The task
Please restate exactly the lines of the data below, beginning with the line containing "Aachi Hyderabadi Biryani" and ending with the last line.

Extracted records
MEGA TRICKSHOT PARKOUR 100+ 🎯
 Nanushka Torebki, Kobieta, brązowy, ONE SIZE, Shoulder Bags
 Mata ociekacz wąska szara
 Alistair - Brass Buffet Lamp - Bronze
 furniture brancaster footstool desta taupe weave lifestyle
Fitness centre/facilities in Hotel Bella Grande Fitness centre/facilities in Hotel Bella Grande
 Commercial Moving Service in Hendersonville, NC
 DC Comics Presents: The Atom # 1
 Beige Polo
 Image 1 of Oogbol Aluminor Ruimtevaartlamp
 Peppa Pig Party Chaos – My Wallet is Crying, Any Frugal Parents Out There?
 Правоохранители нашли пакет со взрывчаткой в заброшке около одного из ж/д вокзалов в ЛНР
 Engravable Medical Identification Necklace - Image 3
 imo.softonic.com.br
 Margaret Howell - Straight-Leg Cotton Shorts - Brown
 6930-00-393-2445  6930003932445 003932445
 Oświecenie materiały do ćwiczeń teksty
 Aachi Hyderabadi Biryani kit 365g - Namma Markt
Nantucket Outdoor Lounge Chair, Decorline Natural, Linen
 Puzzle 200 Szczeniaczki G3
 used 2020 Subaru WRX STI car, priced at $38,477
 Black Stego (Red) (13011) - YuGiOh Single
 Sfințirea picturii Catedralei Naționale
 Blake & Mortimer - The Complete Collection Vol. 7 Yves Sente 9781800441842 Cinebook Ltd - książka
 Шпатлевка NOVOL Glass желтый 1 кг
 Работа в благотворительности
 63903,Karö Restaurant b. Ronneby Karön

Exercise output
 Aachi Hyderabadi Biryani kit 365g - Namma Markt
Nantucket Outdoor Lounge Chair, Decorline Natural, Linen
 Puzzle 200 Szczeniaczki G3
 used 2020 Subaru WRX STI car, priced at $38,477
 Black Stego (Red) (13011) - YuGiOh Single
 Sfințirea picturii Catedralei Naționale
 Blake & Mortimer - The Complete Collection Vol. 7 Yves Sente 9781800441842 Cinebook Ltd - książka
 Шпатлевка NOVOL Glass желтый 1 кг
 Работа в благотворительности
 63903,Karö Restaurant b. Ronneby Karön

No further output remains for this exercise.